# Slide shows



## unregistered65598 (Oct 4, 2010)

Someone else posted about a slide show they had done, and I thought it turned out really nice. It got me thinking about the ones I do. I only have 2 of the first ones I made posted on my web site. I lost the others during file transfers from our old comp to the new one, but I wanted to see what you all thought of them and if anyone would be willing to pay for someone to put together a show like this, what would you be willing to pay? I love doing these but they are very time consuming, so just trying to get a feel of what others thought and if it would be worth my time to do something like this for added income. when you get to the site just click the pictures not the d/l button, unless you want to save it to your computer. It takes a bit to load but I think it's worth the wait. The first one is pics my friend took, and the other is my GS his first year, both set to music.The quality of the pics are what was sent to me. I am learning to make adjustment to those now as well. thanks for looking and for your input.

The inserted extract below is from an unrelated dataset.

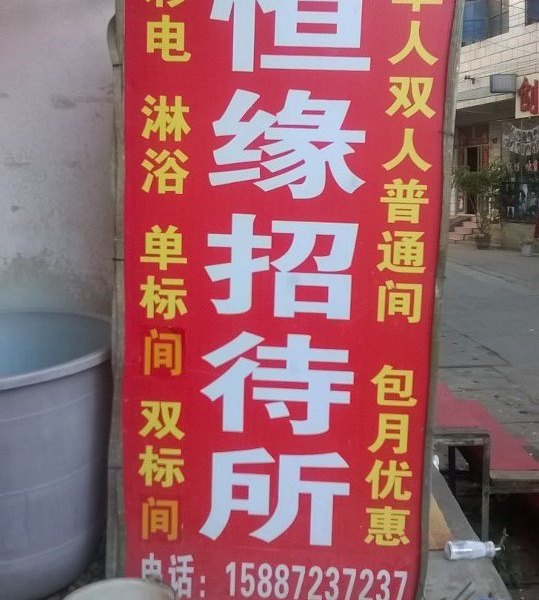 酒店外观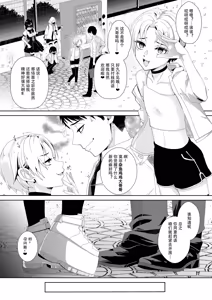 Page 11 of Osuzako to Iwareta node Ore no Honki de Wakarasete Mita - preview thumbnail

http://server3.inalbum.com/ia30/show/hisp0ptart/

Rebecca


----------



## unregistered65598 (Oct 4, 2010)

I wasn't trying to sell you all anything. I was just trying to get some honest opinions. If I have posted this in the wrong place please let me know.


----------



## jesuisdiana (May 24, 2004)

Those are really nice - great job
I've looked into this too - google around for slideshows and also check for listings on ebay and etsy to get an idea of what people charge - prices are all over the spectrum.
Diana


----------



## unregistered65598 (Oct 4, 2010)

Thank you. I still have lots to learn, but I love playing with them. I will check into those sites thanks for your input


----------



## unregistered65598 (Oct 4, 2010)

I added a new show.


----------